From 2012 to 2015 he was CEO of the Centre and from 2007 to 2012 served as the director of the Stockholm International Peace Research Institute.
He previously led research programs at public policy think tanks in Washington, D.C. (Brookings Institution and Center for Strategic and International Studies), and at the Monterey Institute of International Studies in Monterey, California.
In 2013 he received the Royal Order of the Commander of the Polar Star, the highest award bestowed upon foreigners by the Swedish monarch, for his contributions to Swedish interests. He has also served as a consultant to U.S. companies, foundations, and government agencies.
Among his professional affiliations, Dr. Gill serves on the boards of China Matters (Sydney) and the Rajaratnam School of International Studies (Singapore), and is a member of the Board of Advisors for the Shanghai Institute of International Studies.
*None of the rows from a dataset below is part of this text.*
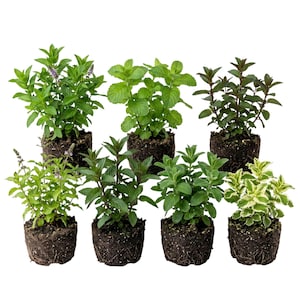 May include: An assortment of potted mint plants, showcasing various types. The plants display vibrant green foliage, with some varieties exhibiting darker hues and variegated leaves. Each plant is rooted in soil, ready for planting.
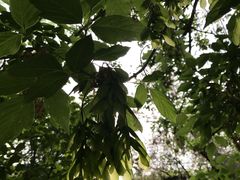 -水磨沟公园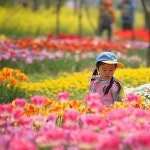 봄꽃 휴양마을 10선, 꽃구경도 하고 농촌체험도 하고… 선정된 곳 어디?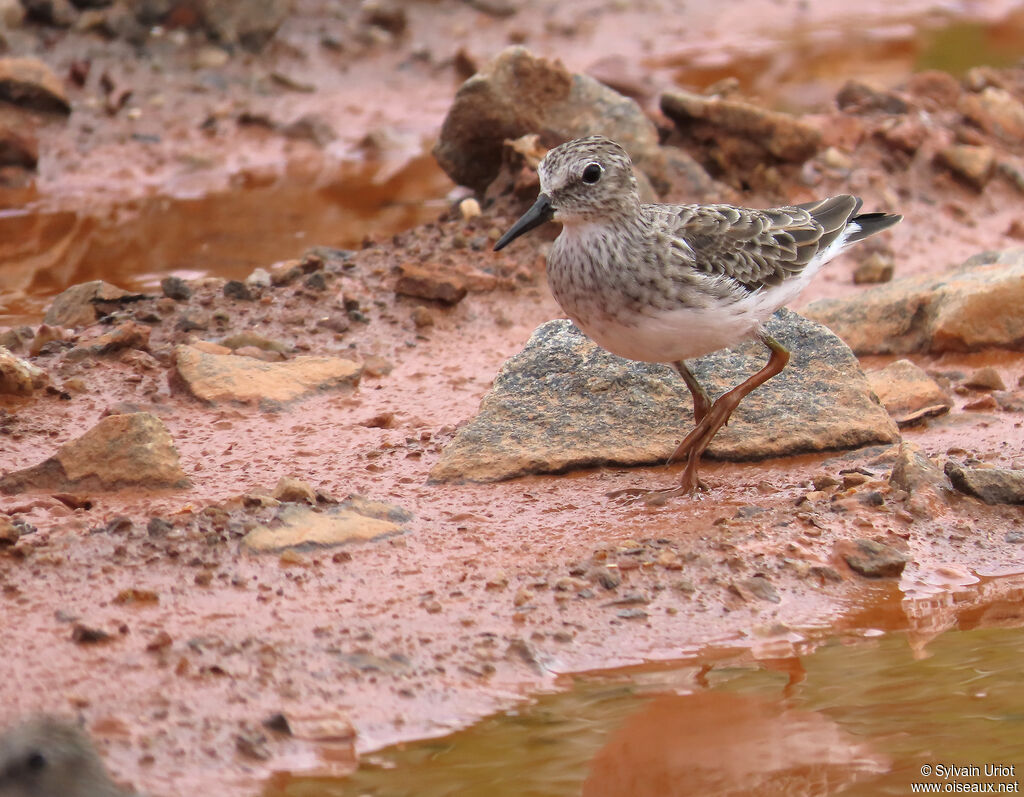 Bécasseau minuscule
He is also a member of the Council on Foreign Relations (New York) and the International Institute of Strategic Studies (London), and is an associate fellow with the Americas Program of Chatham House (London).
He received his Ph.D. in foreign affairs from the University of Virginia and was inducted to The Johns Hopkins University Society of Scholars in 2007. In addition to his experience in the United States, he has lived and worked for lengthy periods in France, Switzerland, Sweden and China.
Dr. Evelyn Goh is the Shedden Professor of Strategic Policy Studies at the Australian National University’s College of Asia and the Pacific, where she is also the director of research for the Strategic & Defence Studies Centre. She is co-editor of the Cambridge Studies in International Relations book series. Her research interests are East Asian security and international relations theory.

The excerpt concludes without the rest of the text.